Huge Performance hit when using multiple cameras

Simon-Steinmann commented 3 years ago

Describe the Bug Enabling & retrieving multiple visual sensors (cameras, lidars), Webot's realtime factor drastically reduces. My Gpu ran at 50% usage with 2/8 GB memory. This huge performance impact drastically reduces Webots competitiveness with project relying on multiple of these sensors (SLAM, Drones, Autonomous Vehicles), which is on of the major use-cases for robot simulators these days.

Steps to Reproduce

Open this world hall_lidar_camera_2.zip
Open the robot window of the Robot at the top of the scene tree
enable all cameras and lidars
See the RTF significantly decrease.

Expected behavior A clear and concise description of what you expected to happen.

Screenshots If applicable, add screenshots to help explain your problem.

System

Webots 2021a
- Operating System: [Linux Ubuntu 20.04]
- Graphics Card: [e.g., NVIDIA GeForce GTX 1660 ti 8 GB,

omichel commented 3 years ago

Enabling cameras and lidars from the robot window has a performance impact which was addressed in Webots R2021b. Can you try a nightly build of Webots R2021b and let me know if you observe a better performance? After enabling the camera/lidars you should also close the robot window to have better performance.

nrotella commented 3 years ago

Enabling cameras and lidars from the robot window has a performance impact which was addressed in Webots R2021b. Can you try a nightly build of Webots R2021b and let me know if you observe a better performance? After enabling the camera/lidars you should also close the robot window to have better performance.
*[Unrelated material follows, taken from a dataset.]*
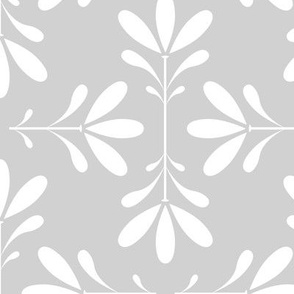 Floral Burst in white and grey - medium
Thank you for the tip, I was chatting with Simon last week about this and he was kind enough to open the issue based on the problems we faced. I did try the nightly build and it does appear to improve the performance issues mentioned above; however for the full set of sensors I care to simulate (3 VLP16s and 10 cameras at 800x800), it struggled a bit to run in real-time even with the robot window closed, and the RTF would drop down to 0.4 randomly. With just a few cameras (5 or less) it seems to work ok, so I think the nightly build did fix this particular issue. @Simon-Steinmann can you try the nightly build as well and see how the performance changes, to confirm what I'm seeing?
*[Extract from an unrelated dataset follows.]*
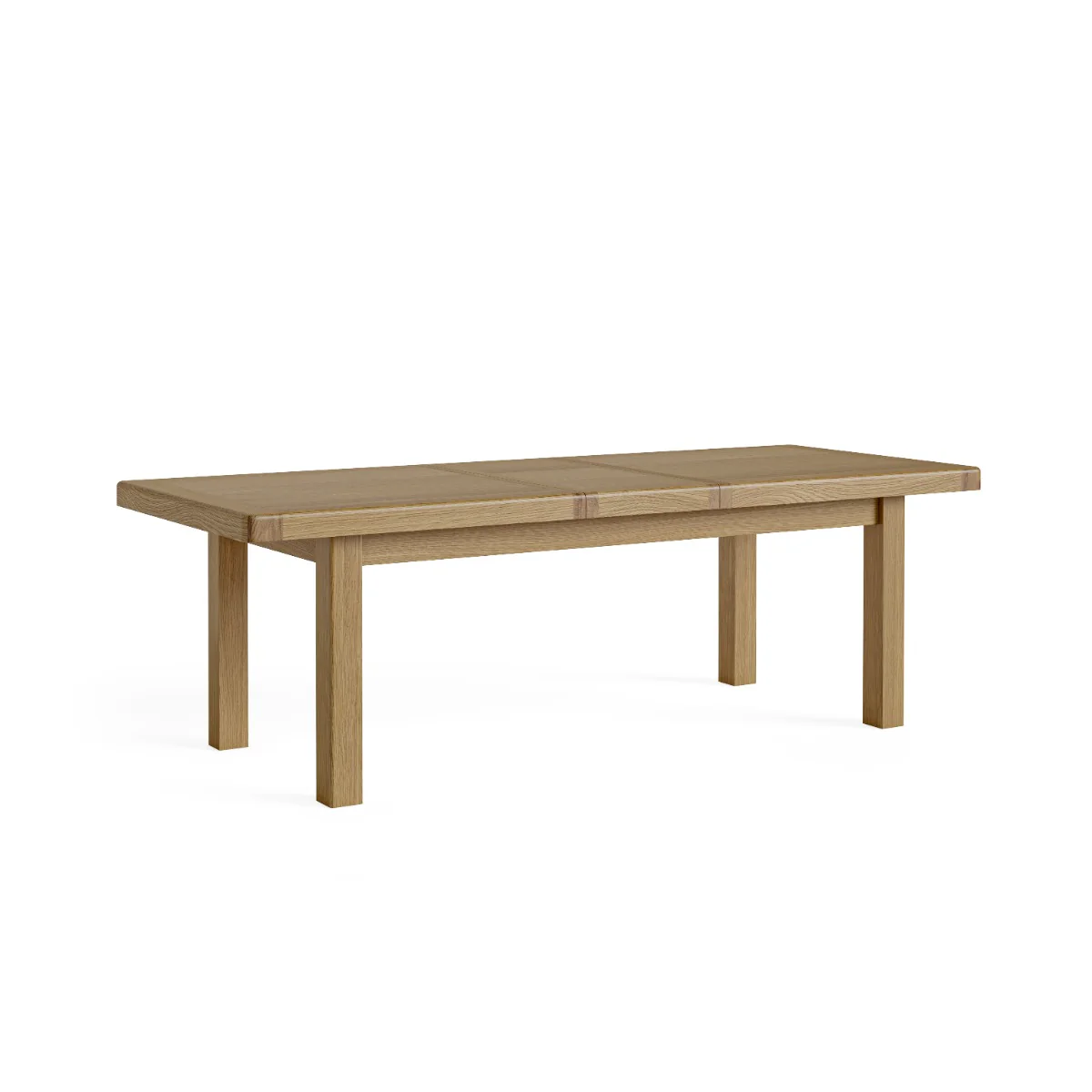 Normandy Large Ext Dining Table – Solid Oak with Polished Silver Handle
nrotella commented 3 years ago

My personal concern is not only with the ability to simulate these sensors with RTF>=1.0 within Webots, but also to stream them out to ROS2 without a big performance hit. From what I was seeing, simulating three VLP16s was fine (RTF>1.0) and adding a single 800x800 RGB camera put me at about RTF=1.0, however adding more camera streams would drop the simulation far below real-time. @Simon-Steinmann and I were thinking perhaps the camera data needs to be compressed, or maybe you can think of some other improvement to make camera streaming to ROS2 more efficient?

Simon-Steinmann commented 3 years ago

I did some more testing with the latest 2021b build. I have created this little test project. It runs the simulation for 10s with all sensors enabled, then enables all the sensors. The performance hit is still huge. Simply open the world to test it for yourself.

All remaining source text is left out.